La ragazza capì che giunti a quel punto, la cosa migliore sarebbe stata ignorare le provocazioni dell'amica e lasciarla cuocere nel proprio brodo:

<< Si, Jess. Mi dispiace di averti svegliata ci sentiamo più tardi >>

<< Eh no! Ormai sono sveglia e voglio sen... >>

Kathrine attaccò il telefono.

Ora ci mancava solo Jessica. Conoscendola da due anni, sapeva che quegli sbalzi d'umore, quelle reazioni un po' esagerate erano abbastanza frequenti, erano da Jess.

Eppure unita al contesto generale- i Wood, Eric, i suoi genitori assenti- quella piccola litigata le pesò molto, facendole apparire tutto un po' più nero.

Un'ora precisa dopo, era pronta.

Si diresse in cucina per fare colazione, ma con suo grande stupore vi trovò Eric, intento a scrutare qualcosa al di fuori della finestra.

 

 

 

 

Portava una camicia chiara, fuori dai pantaloni. I jeans che indossava erano leggermente scoloriti, ma indosso a lui sembravano nuovi di zecca.

Sua madre le aveva sempre detto che non importava cosa si indossasse, ma come si indossasse il capo in questione. C'erano persone ricchissime che si ostinavano a portare abiti firmati, il cui prezzo poteva superare il costo di una macchina nuova, ma che non avevano classe, e che, dunque, ogni volta che apparivano in pubblico sembravano degli elefanti che si cimentavano in un balletto di danza classica. C'erano persone, invece, che anche con uno straccio addosso sembravano degli aristocratici alla corte della buona Elisabetta I. Questione di classe, insomma.

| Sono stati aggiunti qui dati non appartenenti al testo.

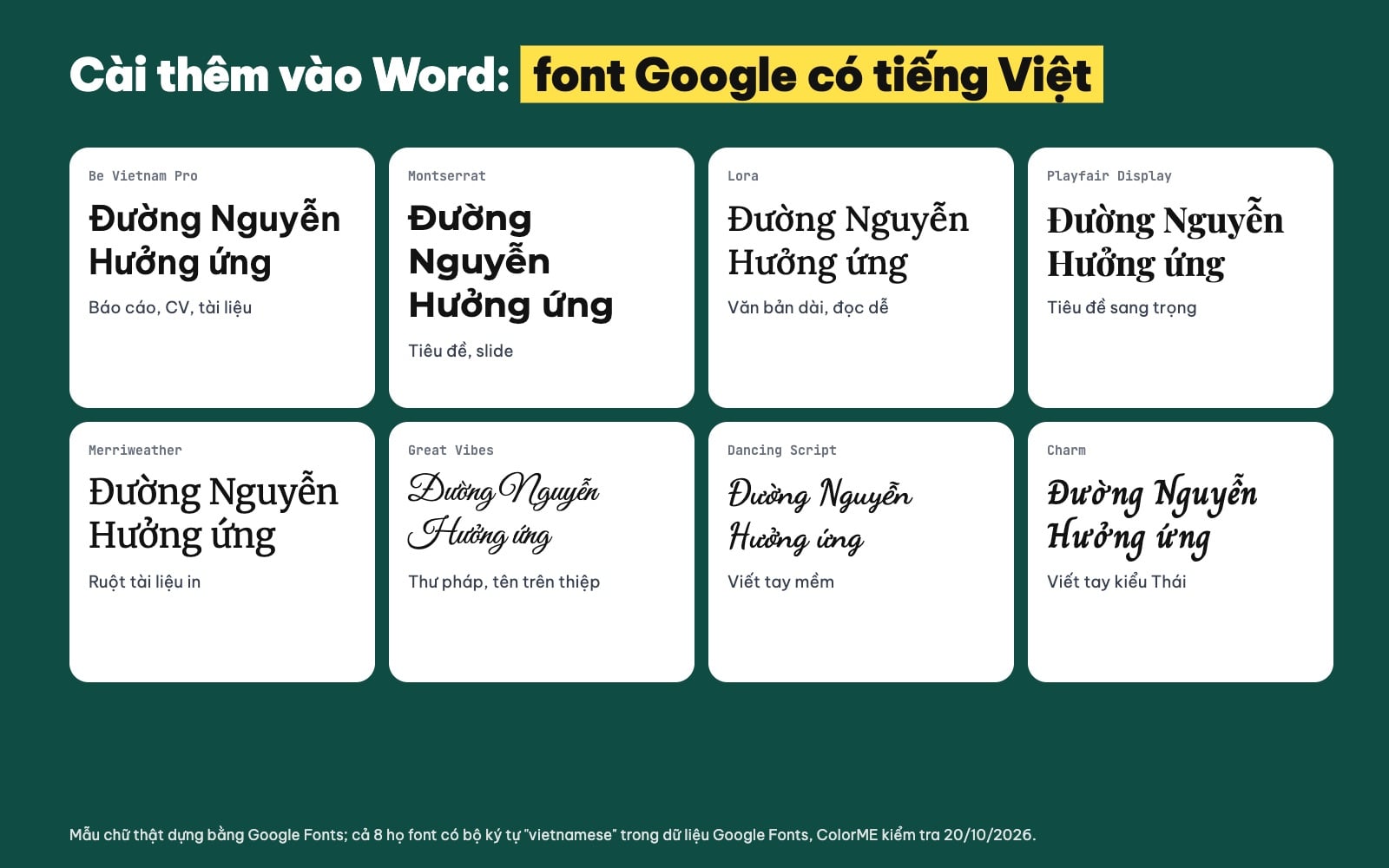 Font chữ tiếng Việt đẹp cài thêm vào Word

E di classe, Eric ne aveva da vendere.

Per un attimo Kathrine rimase ferma sulla soglia della stanza, poi si mosse in direzione del frigorifero:

<< Buongiorno, Eric >> Cercò di essere il più cordiale possibile.

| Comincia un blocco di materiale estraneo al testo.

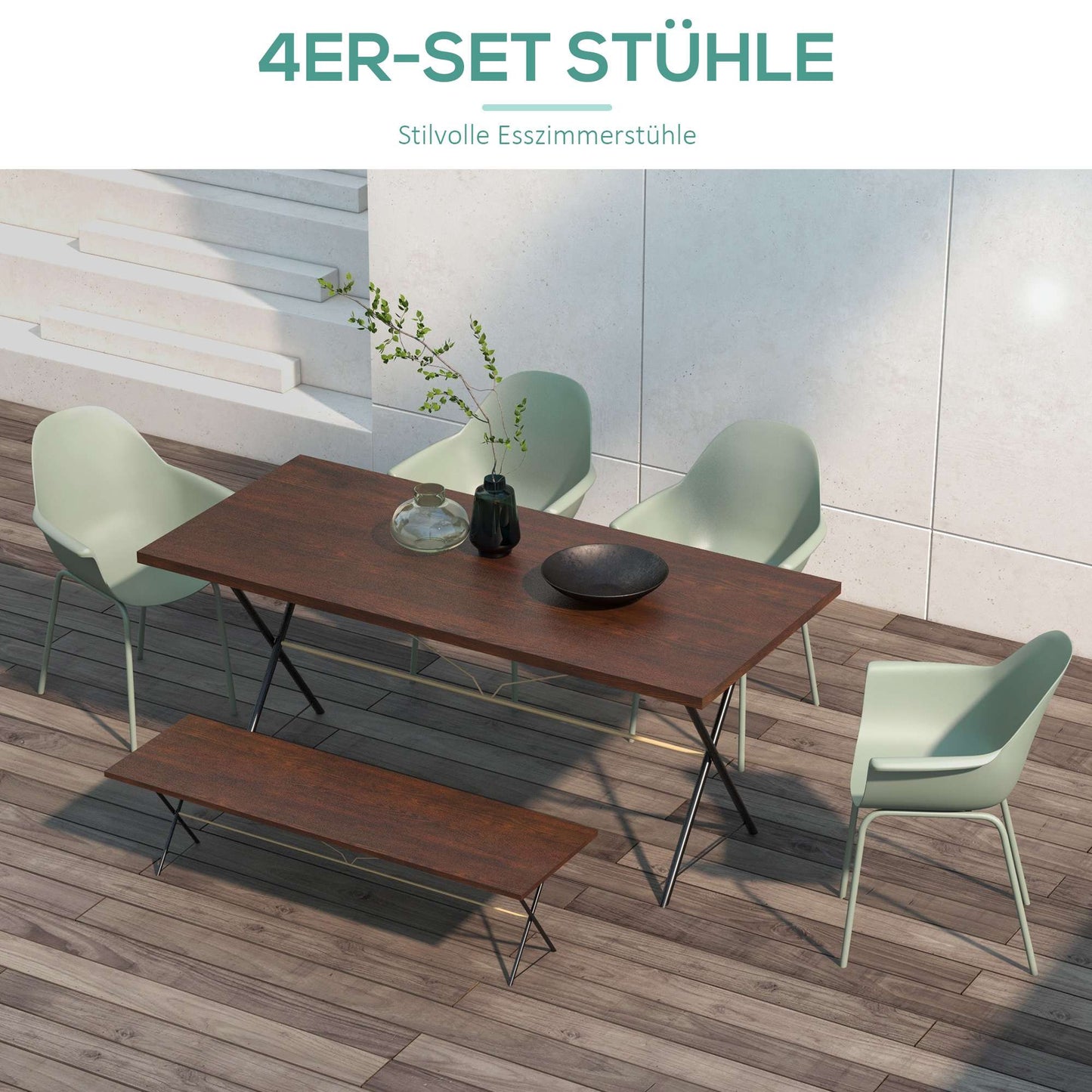 Outdoor Garden Chairs Set of 4, Green, Plastic/Metal, 120kg Capacity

<< Finalmente, Bennet. Siamo in ritardo. Ero sul punto di fare irruzione in camera tua, o meglio, in camera mia, pronto a … >> fece un pausa come a trovare la parola giusta << … sopportare qualsiasi visione, anche poco gradevole, che mi si sarebbe presentata davanti, pur di venirti a prendere >>

<< Oh, ma che galantuomo >> Commentò Kathrine con una punta di sarcasmo.

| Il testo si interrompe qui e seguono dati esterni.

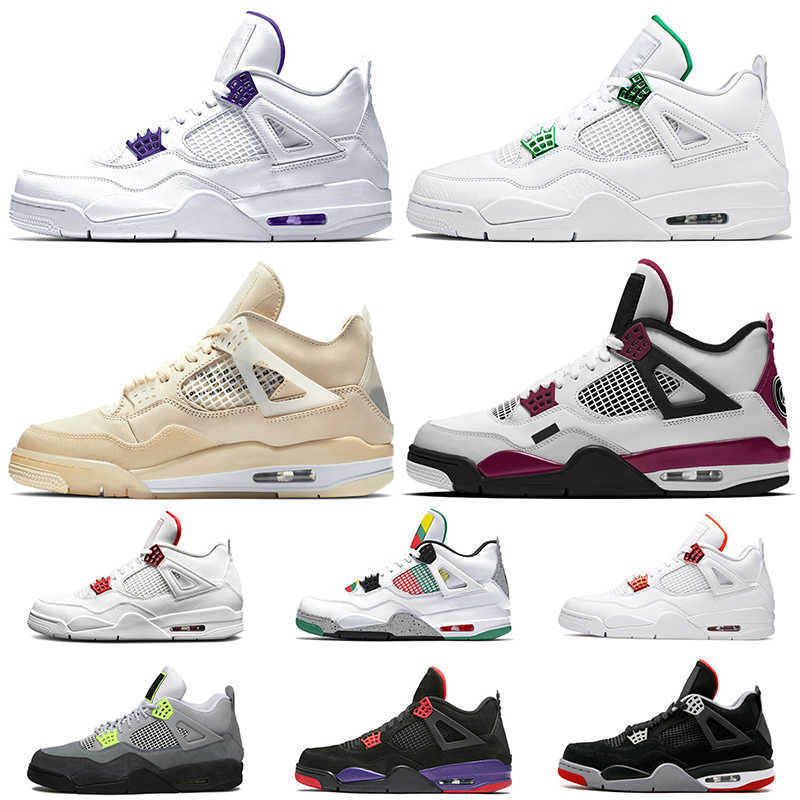 

Top Travis Scotts sail Jorden 4 4s Basketball Shoes Jumpman Jodan Court Purple womens Mens Raptors Orange Metallic Neon, 38 pale citron 36-47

Eric distolse lo sguardo dal giardino e si girò verso la ragazza che lo attendeva con le braccia conserte. Kathrine notò che il lato sinistro del viso del ragazzo era leggermente meno arrossato del giorno prima. Si sentì il cuore stringersi, e una strana sensazione le pervase il petto.

Quasi dolcezza.

<< Andiamo >> Non era affatto una domanda, perché Kathrine si sentì afferrare per un braccio e trascinare verso l'uscita.

<< Io veramente dovrei fare colazione... >>

<< Non è un problema mio. Dovevi scendere prima >>

Kathrine non disse nulla per evitare di far precipitare la situazione; si fece, perciò, trascinare docilmente con la testa bassa, al fine di non inciampare e cadere rovinosamente a terra.

Il giovane, non sentendo alcun commento acido o insulto nei suoi confronti, la osservò con la coda dell'occhio; così, con gli occhi abbassati e i capelli castani che le coprivano parzialmente il viso, gli provocò uno strano effetto.

Quasi dolcezza.

<< Ti offrirò qualcosa direttamente al parco >>

Kathrine incrociò lo sguardo con quello di Eric e gli rivolse un timido sorriso. Quest'ultimo rimase a fissarla instupidito per qualche secondo per poi distogliere lo sguardo velocemente e borbottare qualcosa di incomprensibile.

 

 

Era ormai una mezz'oretta che viaggiavano e nessuno dei due aveva aperto bocca. Eric si limitava a stringere le nocche sul volante e a guardare fisso davanti a sé: Kathrine, dal canto suo, osservava il paesaggio scorrere e cambiare velocemente dal finestrino del passeggero: la periferia della città, con una sfilza di ville che scomparivano una dietro l'altra, aveva fatto spazio prima all'autostrada e poi ad un piccola strada in mezzo ad una foresta. Eric aveva decelerato parecchio rispetto a qualche minuto prima poiché le strada era maltenuta e con molti tornanti e curve strette.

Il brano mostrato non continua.